If you resonate with the picture of a kicked out of shape tin can then you’re not alone.
The feedback I get is that there are many out there just like you. Kicked around tin cans.
But there is hope, even for crushed aluminum.
It takes a receptivity to love.
A drip bag of love.
Patients in a hospital bed are often hooked up to a drip line coming from a bag hanging above their head. Out of this bag, fluid flows drop by drop into the body. The body slowly heals and regaining strength.
In the same way, love can drip into your heart and turn into courage.
You see logic and the head will only take you so far. When push comes to shove you will need a heart resilience to stand against the current.
That heart of yours needs to be filled with ‘cor’ – courage.
A Lion Heart
In The Lion, the witch and the wardrobe’ a delightful story by C.S. Lewis the great lion Aslan (Christ) walks into a hall full of statues. These ‘caught in the act of life’ beings were turned to stone by the curse of an evil Witch.
The witch had crossed the boundaries of what is right and true.
But Aslan is on the move. Always has been and always will be, and for you.

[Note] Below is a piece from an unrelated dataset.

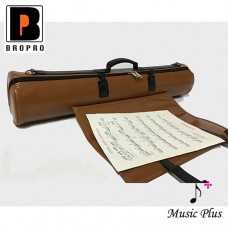 Bro Pro - PU皮圓筒形高音(Soprano)薩克斯管樂器盒連袋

“What an extraordinary place!” cried Lucy. “All those stone animals—and people too! It’s—it’s like a museum.”
“Hush,” said Susan, “Aslan’s doing something.”
He was indeed.
He had bounded up to the stone lion and breathed on him.
Then without waiting a moment he whisked round—almost as if he had been a cat chasing its tail—and breathed also on the stone dwarf, which (as you remember) was standing a few feet from the lion with his back to it.

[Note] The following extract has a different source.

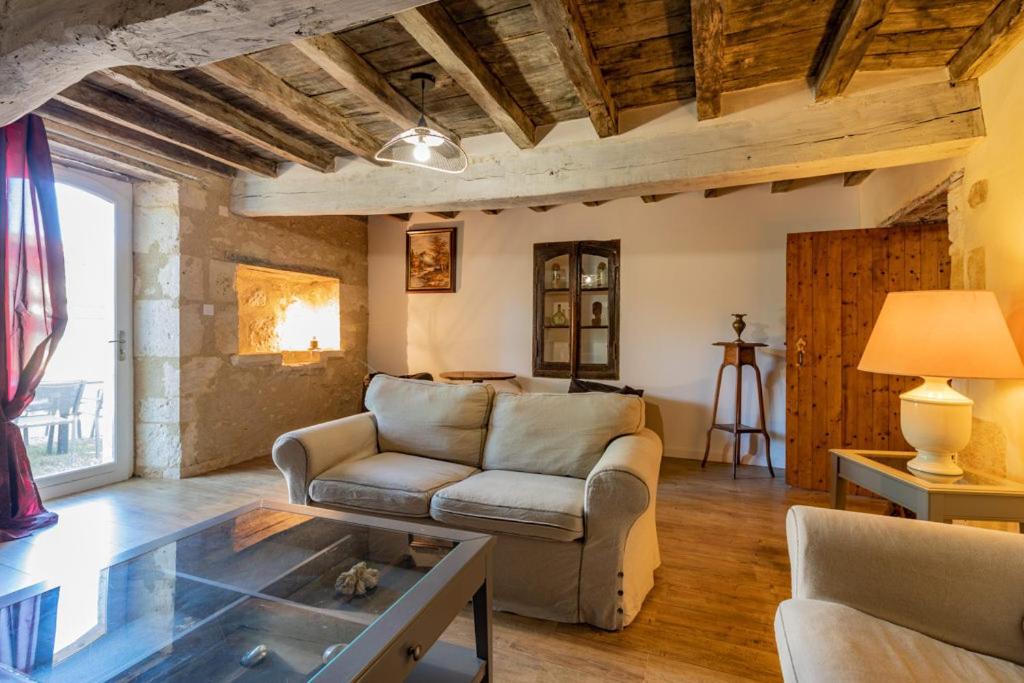 Bed and Breakfast Domaine De Laplan Cezan Exterior foto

Then he pounced on a tall stone dryad which stood beyond the dwarf, turned rapidly aside to deal with a stone rabbit on his right, and rushed on to two centaurs.
But at that moment Lucy said,
“Oh, Susan! Look! Look at the lion.”
I expect you’ve seen someone put a lighted match to a bit of newspaper which is propped up in a grate against an unlit fire. And for a second nothing seems to have happened; and then you notice a tiny streak of flame creeping along the edge of the newspaper. It was like that now.
For a second after Aslan had breathed upon him the stone lion looked just the same. Then a tiny streak of gold began to run along his white marble back—then it spread—then the color seemed to lick all over him as the flame licks all over a bit of paper—then, while his hindquarters were still obviously stone, the lion shook his mane and all the heavy, stone folds rippled into living hair. Then he opened a great red mouth, warm and living, and gave a prodigious yawn.
And now his hind legs had come to life. He lifted one of them and scratched himself. Then, having caught sight of Aslan, he went bounding after him and frisking round him whimpering with delight and jumping up to lick his face.
Of course the children’s eyes turned to follow the lion; but the sight they saw was so wonderful that they soon forgot about him.
Everywhere the statues were coming to life. The courtyard looked no longer like a museum; it looked more like a zoo.
Creatures were running after Aslan and dancing round him till he was almost hidden in the crowd. Instead of all that deadly white the courtyard was now a blaze of colors; glossy chestnut sides of centaurs, indigo horns of unicorns, dazzling plumage of birds, reddy-brown of foxes, dogs and satyrs, yellow stockings and crimson hoods of dwarfs; and the birch-girls in silver, and the beech-girls in fresh, transparent green, and the larch-girls in green so bright that it was almost yellow.
And instead of the deadly silence the whole place rang with the sound of happy roarings, brayings, yelpings, barkings, squealings, cooings, neighings, stampings, shouts, hurrahs, songs and laughter. (The Lion, the Witch and the Wardrobe – Chapter 16).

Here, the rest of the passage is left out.